Alícia deu risada. Ela sentia também. Sempre que tinha macarronada, tinha visita. E sempre que tinha visita, tinha festa. "Rainha Ruby!" os amigos a chamavam. Ficavam todos na laje de Alícia, comendo, bebendo e festejando o dia. A macarronada era deliciosa, nunca sobrava nada. Toda a vez que comia macarrão, Riley ensinava um novo truque no skate para Alícia. Ela nunca entendeu o por que, mas era divertido, engraçado e uma memória muito boa.
-Gosto tembém da pizza dela –Alícia comentou.
-Sim! Ah, meu Deus, a pizza. E as noites do cheese burger barato?
-Adorava essas noites! -Alícia caiu na risada. Os dias bons de sua vida ficavam mascarados por debaixo dos dias tristes. Era tão bom revivê-los. –Posso quase sentir o cheiro do queijo derretido.
-Sim, eu também –Riley lambeu os beiços.
-Olha, eu não sei que truque é esse, mas eu sinto cheiro de cheese burguer também –Bia falou do cavalo ao lado.
A primeira reação de Alícia foi sorrir. A segunda, ponderar. A terceira foi entrar em desespero. Eles ainda estavam na estrada de terra, mas agora o que os cercava era mata. Uma floresta, e não fazendas. Cavalgavam por quase uma hora e nenhum sinal de Dave. Bia garantia que ele estava bem, mas Alíca ficou preocupada.
-Riley –ela cutucou o irmão –O ar cheira a cheese burgers.
-Eu sei –ele havia entendido. –Olhe ali em frente.
No meio da floresta, na beira da estrada. "O mestre dos cheese burgers." Dneva. Antes que Riley pudesse pular do cavalo e empunhar sua espada, antes que Missie fizesse uma indagação, e antes que Alícia gritasse para todos correrem, Bia caiu do cavalo. Ela agarrou o braço direito, coçou sua marca e gritou como louca. Gritou por Dave. Quando parou de surtar, montou novamente no cavalo e chutou-o com o sapato. Ele saiu em disparada, desviando da barraca falsa de cheese burgers.
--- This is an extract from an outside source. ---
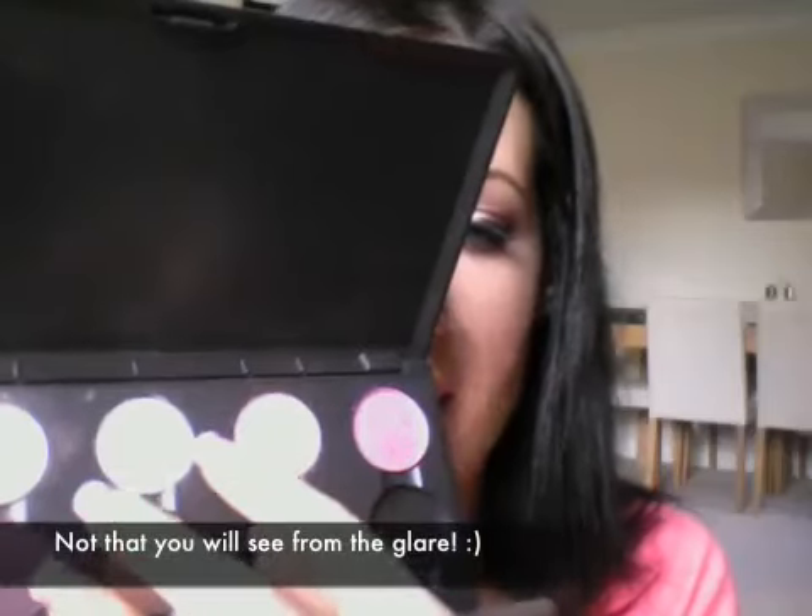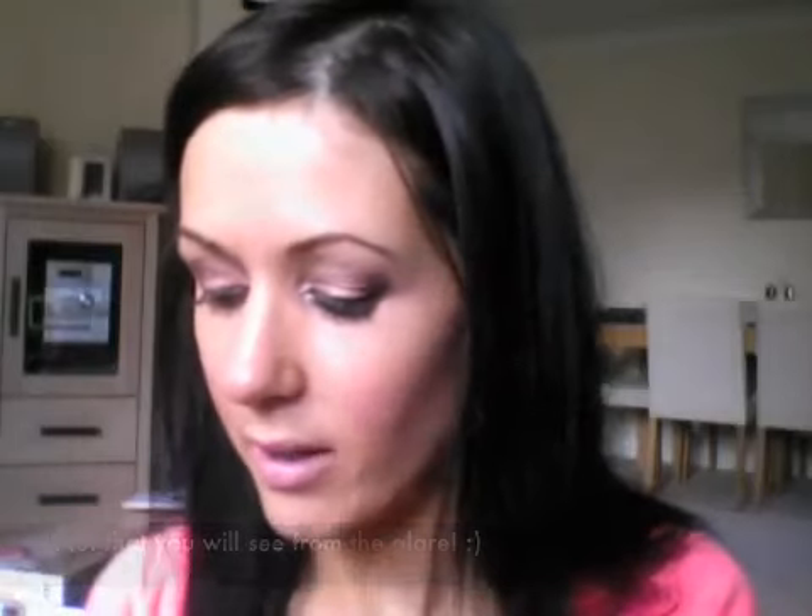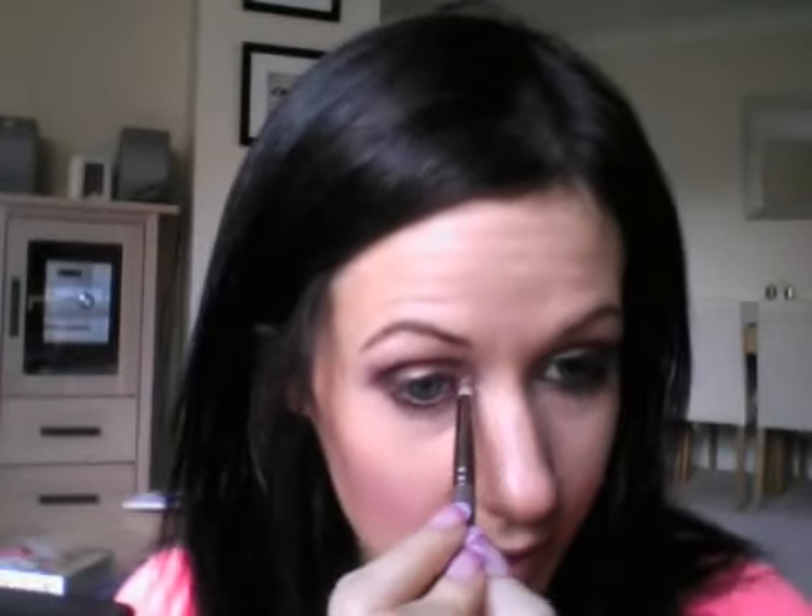I'm going to use Shroom for the highlight. Shroom is that highlight color there — I always thought it would be a matte color, but it's actually a really nice ivory with a bit of shimmer, quite subtle. I'm basically going to do that reverse C-shape in my inner corner. You can see it's added a little bit of light there — you don't want it to be too stark. You want it to blend in with everything else, so I'm just sort of feathering it up lightly.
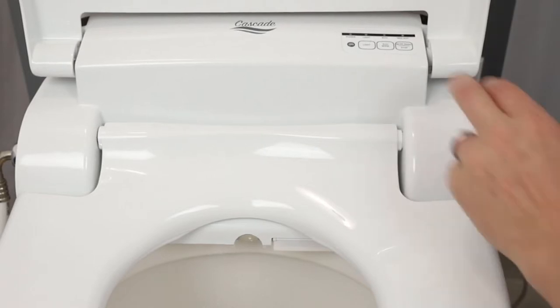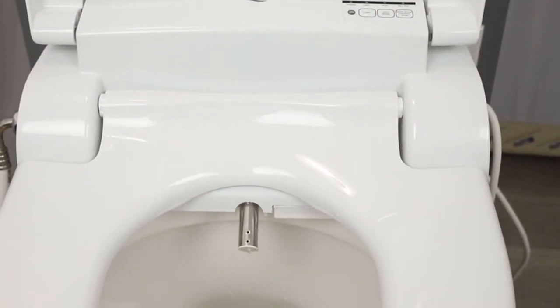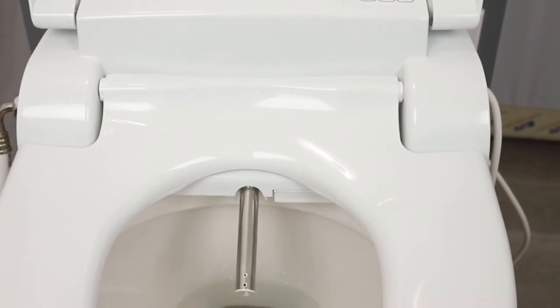Press those simultaneously without anyone seated on the unit, and the nozzle will come out so that you can clean it — of course without spraying.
-Droga –Alícia não sabia o que fazer.
Riley também parecia preocuado e pediu que ela se agarrasse nele.
-Corra Jonus. Siga-os.
Jonus desparou pela floresta. Agora, Alícia queria testar suas facas em seu própria testa. Primeiro, uma louca numa casa de tinta. Agora, Dneva mais uma vez. Por que tinha deixado eles virem com ela, por que? Não deveriam estar em perigo por sua causa. A marca de Bia e Dave brilhava tão intensamente no braço da menina que Jonus só precisava seguir o brilho. Riley parecia preocupado também. Ele era a testemunha do pacto. Alícia não fazia ideia do que isso queria dizer, mas ficou preocupada.
-O que houve? –ela gritou. Abaixou-se para um galho não acertar seu rosto.
-Ele disse longicórnio –Riley gritou. Ele provavelmente sentiu a expressão de confusão em Alícia e continuou a explicar. –É a palavra de proteção deles. Se Dave estiver em perigo é o que ele deve dizer, e ele disse. Concequentemente...
-Dave está em perigo –ela completou o raciocínio.
Mas que droga Dave. Estou brava com você, não quero te salvar. E não quero enfrentar aquela louca novamnte. O cavalo de Bia e Missie tropeçou e caiu relinchando assustado. Antes que Jonus pudesse parar, ele caiu também. Alícia teve o rosto enterrado por lama e quando o levantou, dois velhos conhecidos latiam para ela. Osso e Pâncreas estavam prontos para revistá-los.